The images on the blog show the security Guards were largely impassive, scarcely registering our presence as we stared through windows that would easily encase most homes. The empty foyer of the University Superannuation Scheme building perhaps presented the most challenging moment in the walk, where we were reminded that we were implicated the environmental catastrophe of the Deepwater Horizon oil spill as we sat on sofas to hear how our pension plans depend on investment in BP. This global ecological crisis feels contagious, conceded in the toxic space of my own body, my embodied practices and written on my pay cheque. Theron Schmitt, writing about another PLATFORM walk, describes this feeling of complicity as ‘a profoundly doubled moment, overlapping representation and relation’ (Schmitt 2010: 292). My ecological consciousness was similarly raised by PLATFORM’s walk, and my reading of the cityscape in the refuge of the beach hut was haunted by its memory and, perhaps, tainted by my environmental double-standards.
But when the walk was over, I felt that I had left no trace, no mark or imprint on the City.
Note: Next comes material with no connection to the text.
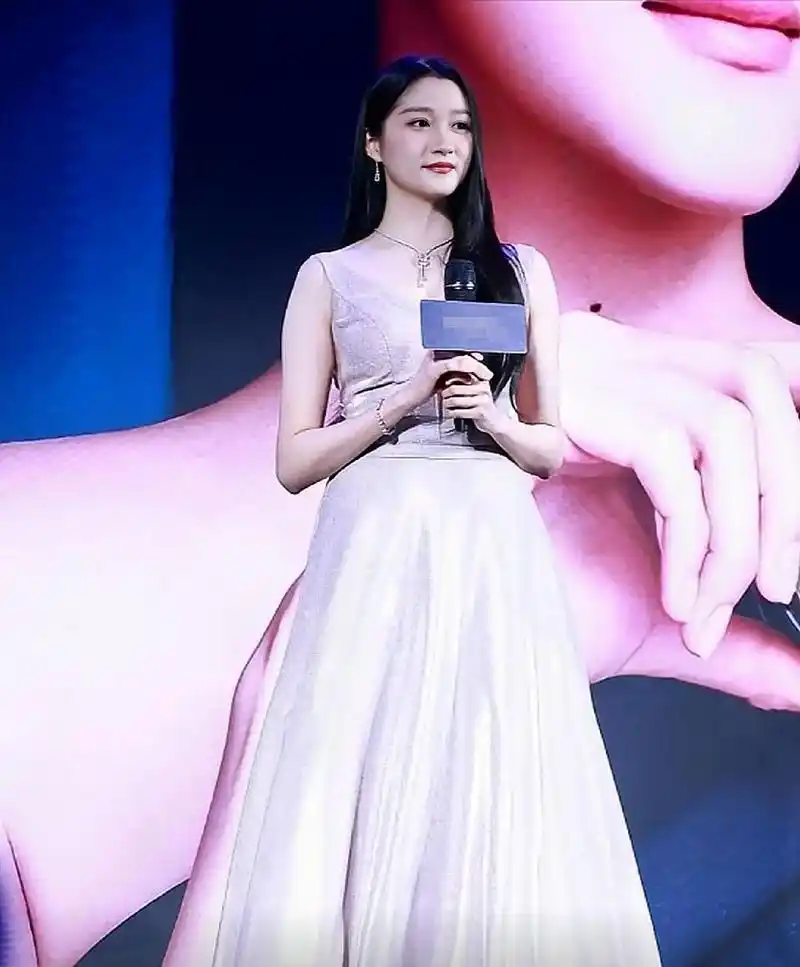 图文伙伴计划 美女图片关晓彤香槟金长裙出席活动 身材高挑气 - 兑趑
I had ingested it, but this space of urban capitalism remained abstract, in Lefebvre’s terms, and it had resisted me (1991: 53).
Phil’s walk invited us to embody the city’s stories, to theatricalise its dead spaces and re-imagine the stories of the dead. When I retraced my steps three months later, I was not surprised that my body remembered the walk around the Strand. Standing in the garden in which Phil had told us Dickens had set the melodramatic demise of the fictional Lady Dedlock, I was haunted not only by the imaginary of ghosts of the ‘real’ dead people beneath my feet, but also the live people I missed from the first walk – and the comingling of both hauntings, to borrow Steve Pile’s words, allowed me to attend to the relational space we had produced by disrupting ‘notions of linear time and space’ (1996: 164).
When I returned, in the City I got lost. I could remember few details. Perhaps it was part of the political effectiveness of PLATFORM’s walk that I still felt shrunken by the vast scale of the buildings, and confused by their impassive indifference. Or perhaps I have a poor memory for facts. I found the USS building eventually with the aid of a map, and I looked through the window at the sofas, catching my reflection. The glimpse was fleeting, and in a moment I knew I would disappear again without leaving an impression. Precipitously, as this was just before the London riots, I understood why demonstrators and rioters sometimes want to smash windows. It’s one way to produce space.